Longest subarray whose sum \leq k
Given an array A of n numbers and a key k, find the longest subarray of A for which the subarray sum is less than or equal to k.

This problem is from the book “Elements of Programming Interviews”.

This problem has a rather easy quadratic time complexity algorithm: check each pair of indices i < j, where 0 \leq i < j \leq n-1 to see if the sum of the subarray A[i..j] is no greater than k, and return the pair with the largest difference j-i+1. To avoid repeatedly computing the subarray sum, one can first preprocess the array to get an array S of partial sums, where S[i] = \sum_{j = 0}^{i-1} A[j], for i = 1,\cdots, n, and by definition, S[0] = 0. Then the subarray sum can be obtained as A[i..j] = S[j+1] - S[i]. The preprocessing takes linear time and linear space.

In the following we describe an algorithm with time complexity O(n \log n).

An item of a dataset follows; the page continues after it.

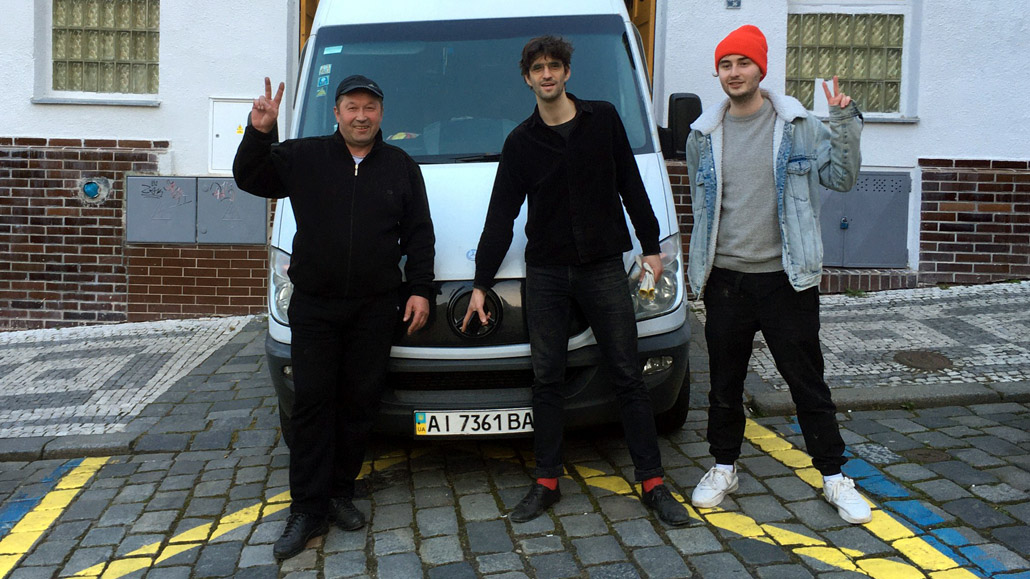 Umění pomáhá napadené Ukrajině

Algorithm LONGESTSUBARRAY(A[0..n-1], k)
Input: An array A[0..n-1] and a real number k
Output: A pair of indices i, j, maximizing j - i + 1, subject to \sum_{t = i}^j A[t] \leq k
1. Compute the array S[0..n] of partial sums, where S[i] is the prefix sum of the first i numbers in A. S[0] \leftarrow 0.
2. (l, r) \leftarrow (0,0)
3. M \leftarrow \emptyset
4. smallest \leftarrow +\infty
5. for i \leftarrow n down to 0
    if S[i] < {\rm smallest}
        M \leftarrow M \cup \{(S[i], i)\}
        {\rm smallest} \leftarrow S[i]
6. {\rm current} \leftarrow -\infty
7. for i \leftarrow 0 up to n-1
    if S[i] > {\rm current}
        Use binary search to look for the rightmost element (S[t], t) in M such that S[t] - S[i] \leq k. If such an element exists, update (l, r) to (i, t) if t-i \geq r - l
        {\rm current} \leftarrow S[i]
8. return (l,r)

Correctness of the Algorithm
The key is to observe the following two facts.
Claim: (1) If two indices r < r' satisfies that S[r] \geq S[r'], then r cannot appear in an optimum solution; (2) If two indices l < l' satisfies that S[l] \geq S[l'], then l' cannot appear in an optimum solution.
Proof: For any index i, 0 \leq i \leq n, note that the subarray sum of A[i..r'] is less than the subarray sum of A[i..r], and the length of the subarray $A[i..r’]$ is greater than the length of the subarray A[i..r] (although both length might be negative, but the statement still holds). Therefore, (i,r') is preferable over (i, r). This is also the reason why we compute the strictly increasing sequence of M.
The second statement follows a similar reasoning.

Time Complexity and Space Complexity
Step 1, computing the prefix sums, takes O(n) time. Step 4, computing the array M, takes O(n) time. Step 7 takes O(n \log n) time as each iteration takes O(\log n) time.